## [WHAT TO DO]
Starting at the top line and ending at the bottom one, repeat the entries exactly and drop every picture.

[Stored data]

··········

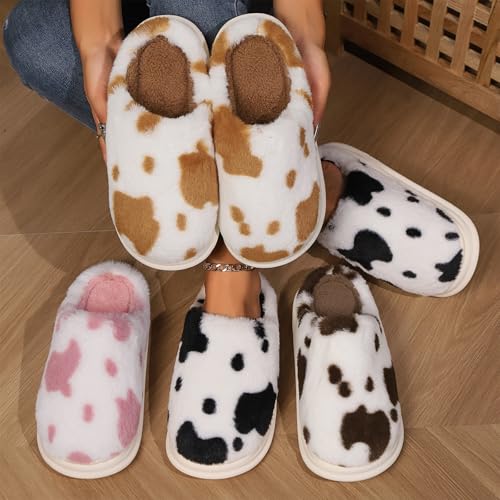 black cow print slippers Plush Warm adult animal slippers Non-Slip Indoor Outdoor slippers for women men fuzzy House Shoes gifts4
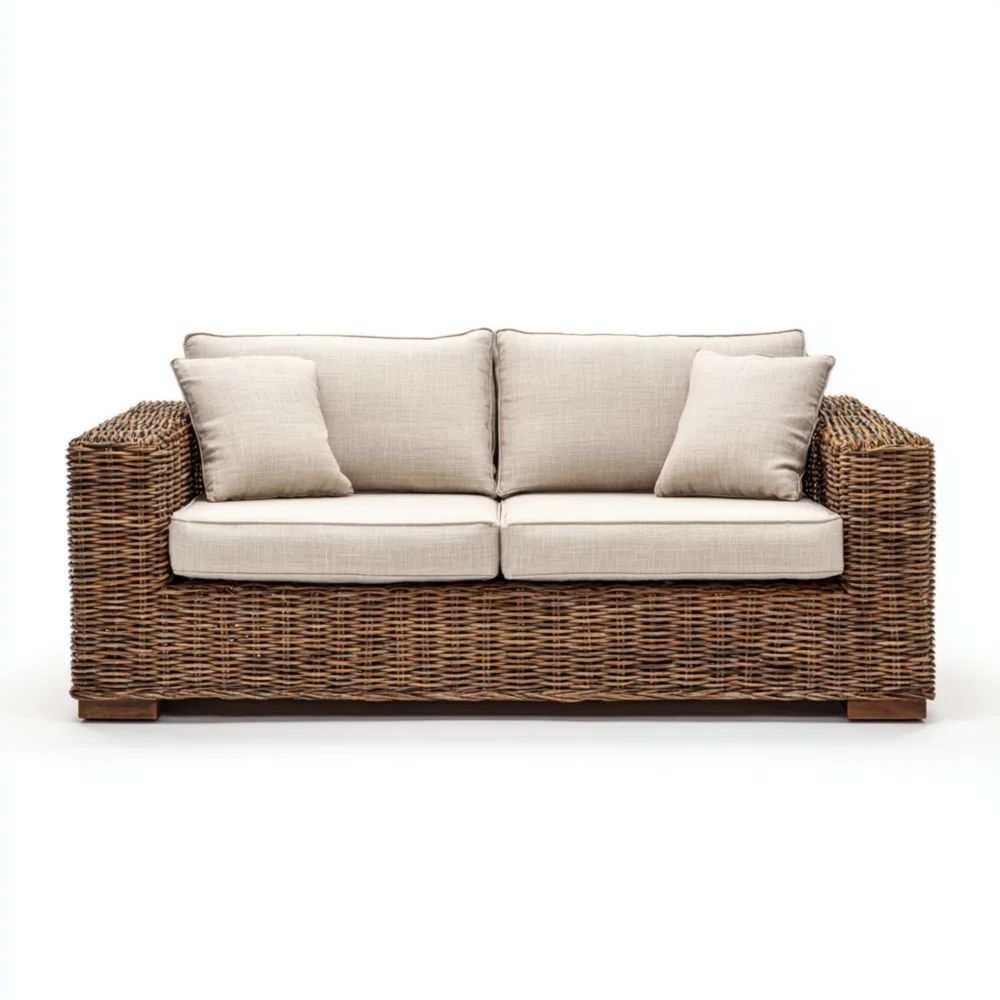 2-Sitzer-Gartensofa Rattan 200x85x70 cm - Beige/Braun - Rustikales Design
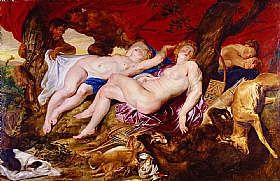 Pierre Paul Rubens, Diana et sa nymphe - GRANDS PEINTRES / Rubens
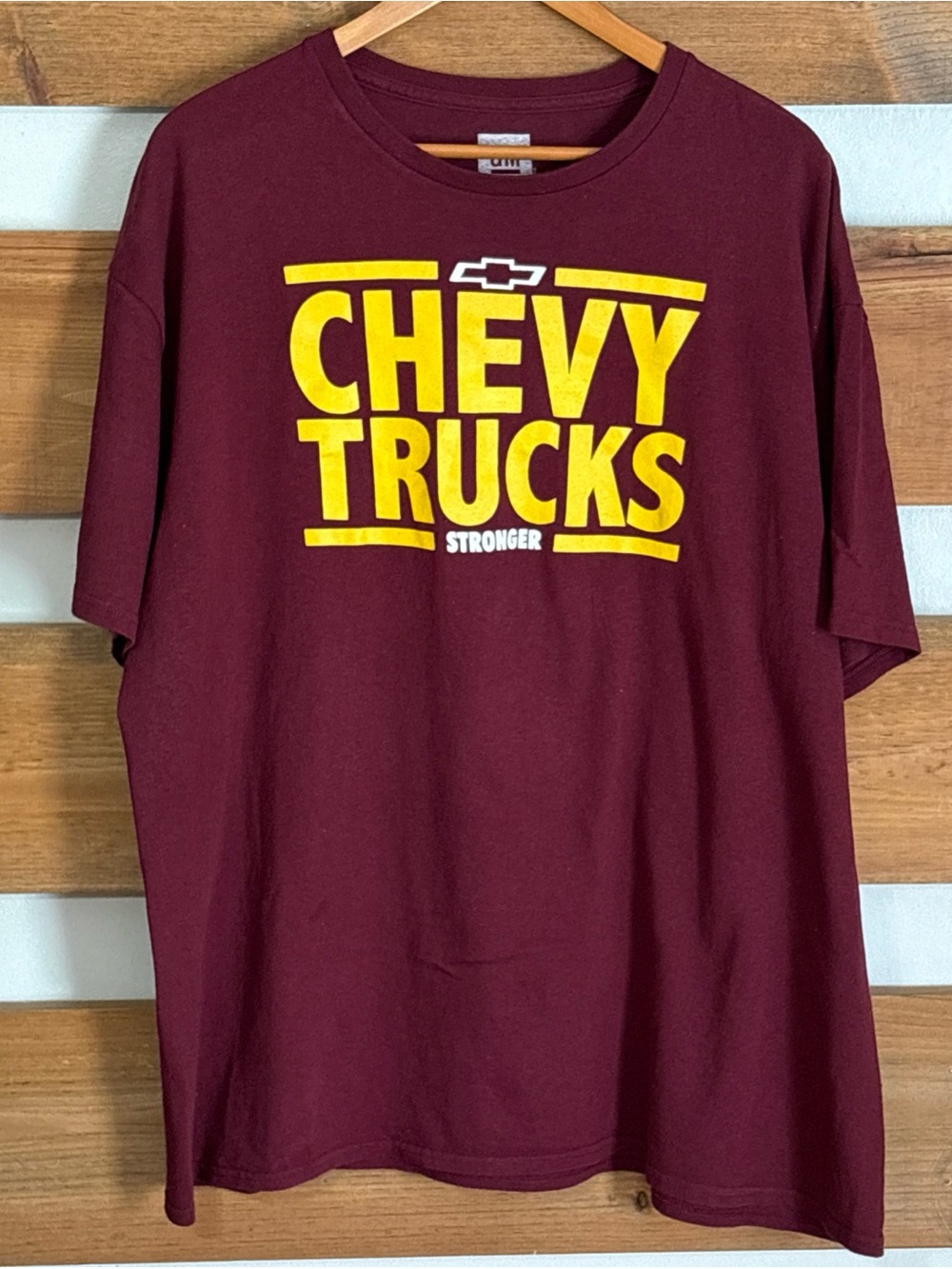 GM Chevy Truck Short Sleeve Solid Mauve w/Yellow Graphic Print Men's Size 2XL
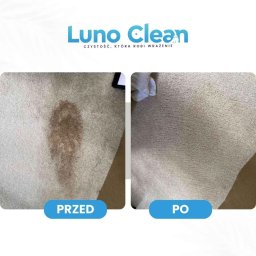 Luno Clean - Dywan 'przed' z wyraźną plamą i 'po' czyszczeniu, prezentujący efekt usługi Luno Clean. Widoczne włókna dywanu i różnica w wyglądzie.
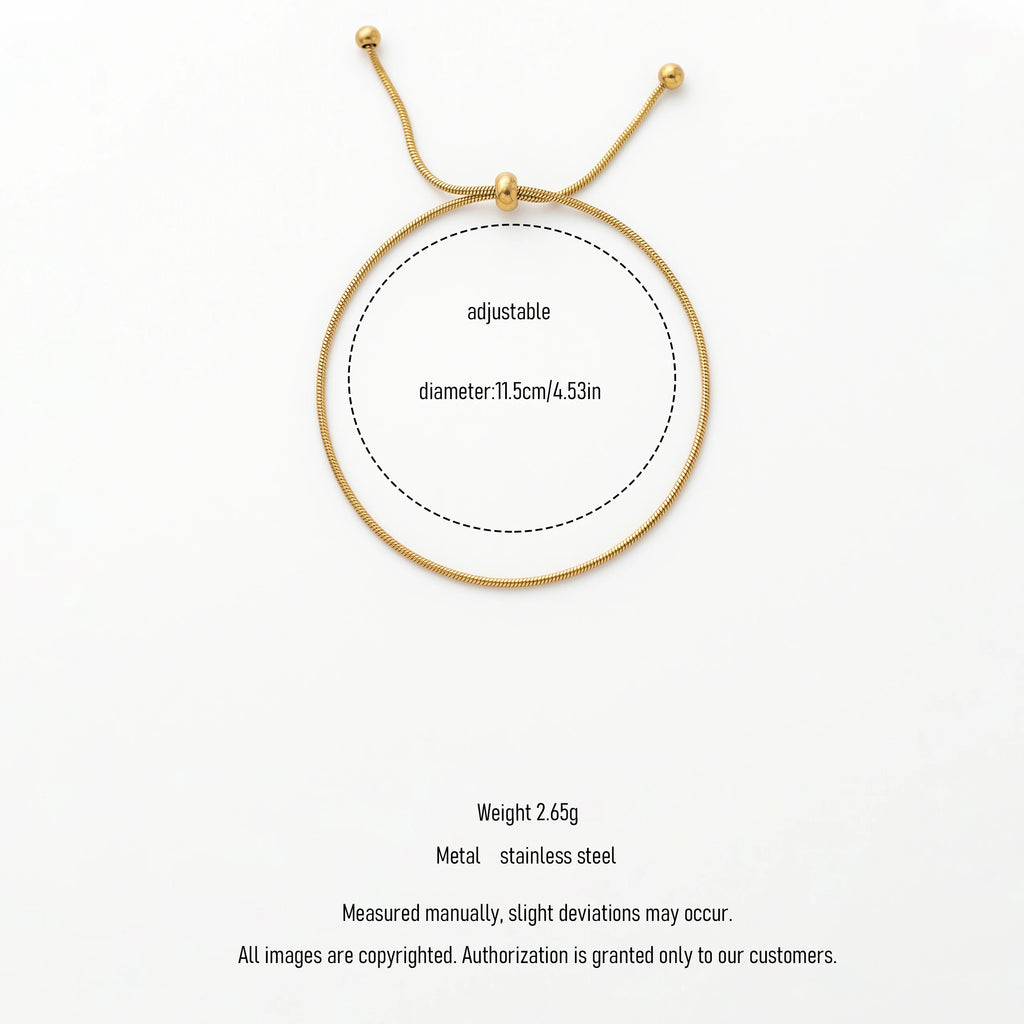 QIAOREN 13300 Thin Chain Bracelet Gold Plated Steel Adjustable Slider Waterproof Minimalist Women Daily Wrist Jewelry Gift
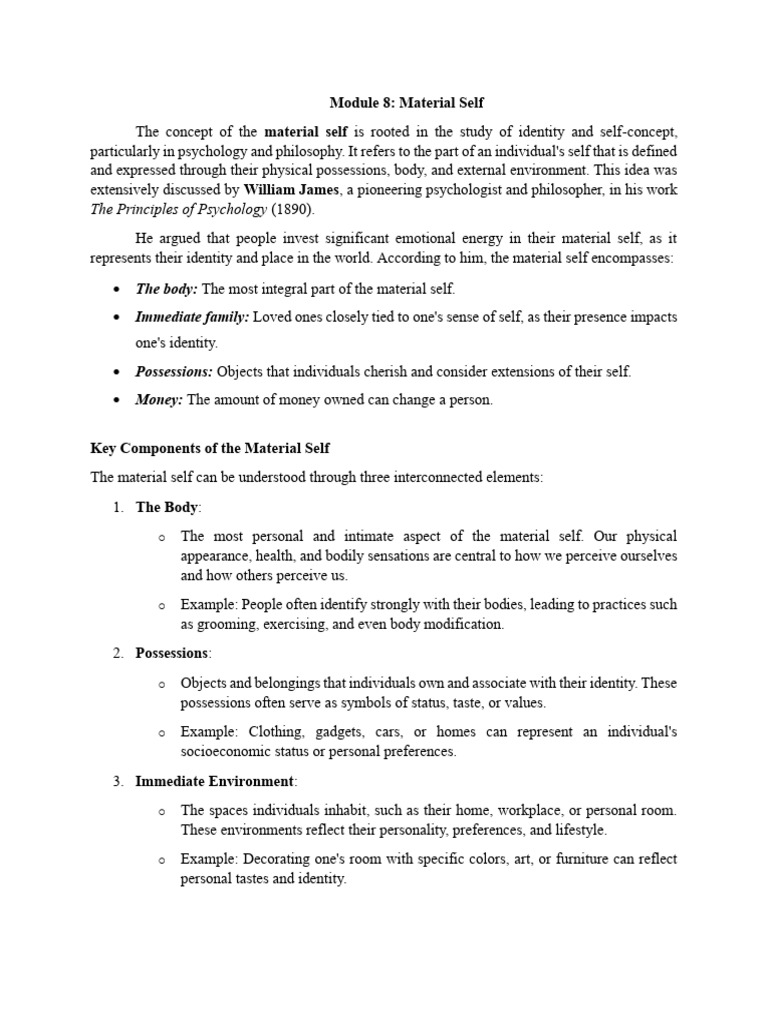 Module 08 - Material Self | PDF | Consumerism | Identity (Social Science)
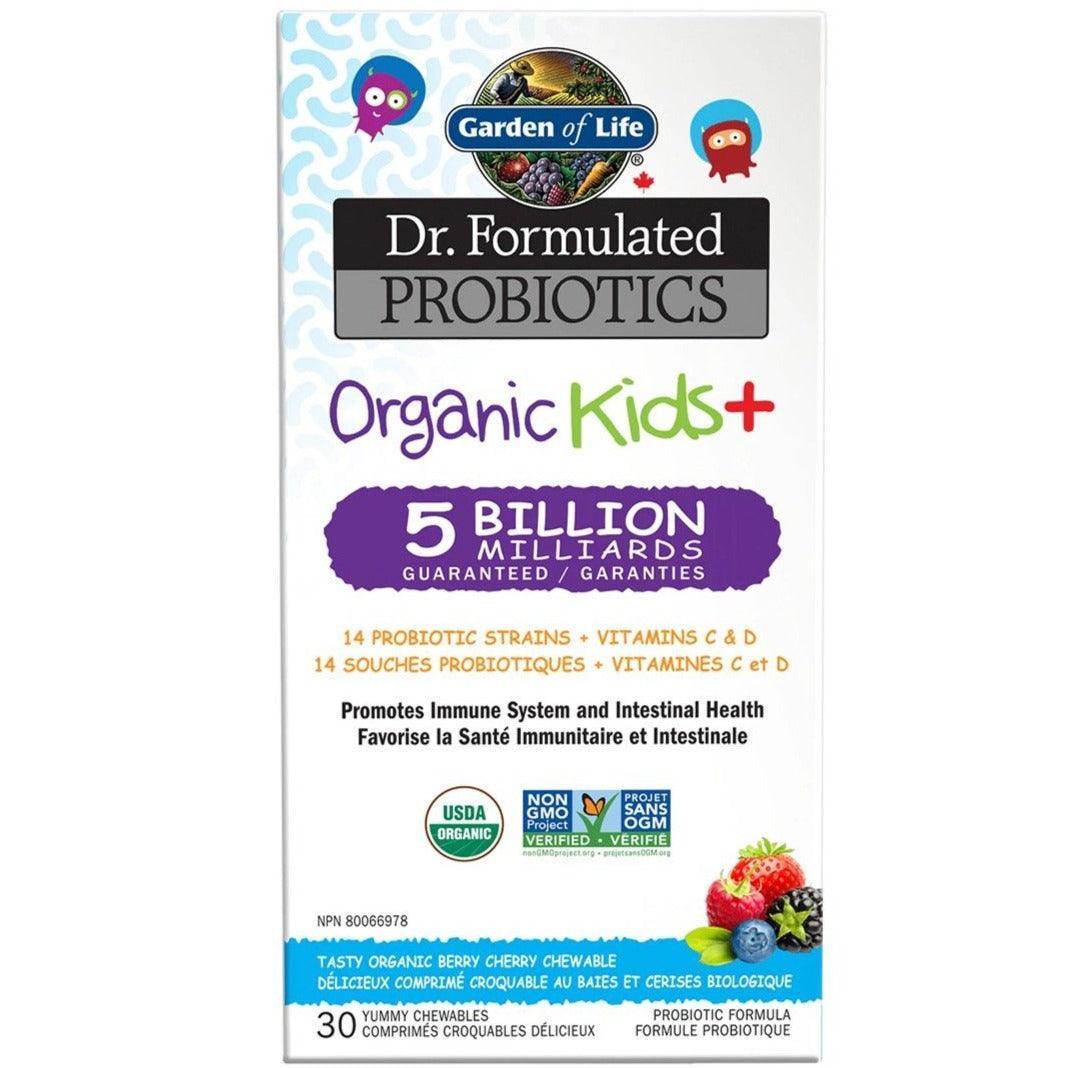 Garden of Life Dr. Formulated Organic Kids Probiotics - 5 Billion CFU, Berry Cherry Flavor, 30 Chewable Tablets | Supports Digestive Health & Immune System for Children | Perfect for School Lunches & Travel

··········

## [OUTPUT]
 black cow print slippers Plush Warm adult animal slippers Non-Slip Indoor Outdoor slippers for women men fuzzy House Shoes gifts4
 2-Sitzer-Gartensofa Rattan 200x85x70 cm - Beige/Braun - Rustikales Design
 Pierre Paul Rubens, Diana et sa nymphe - GRANDS PEINTRES / Rubens
 GM Chevy Truck Short Sleeve Solid Mauve w/Yellow Graphic Print Men's Size 2XL
 Luno Clean - Dywan 'przed' z wyraźną plamą i 'po' czyszczeniu, prezentujący efekt usługi Luno Clean. Widoczne włókna dywanu i różnica w wyglądzie.
 QIAOREN 13300 Thin Chain Bracelet Gold Plated Steel Adjustable Slider Waterproof Minimalist Women Daily Wrist Jewelry Gift
 Module 08 - Material Self | PDF | Consumerism | Identity (Social Science)
 Garden of Life Dr. Formulated Organic Kids Probiotics - 5 Billion CFU, Berry Cherry Flavor, 30 Chewable Tablets | Supports Digestive Health & Immune System for Children | Perfect for School Lunches & Travel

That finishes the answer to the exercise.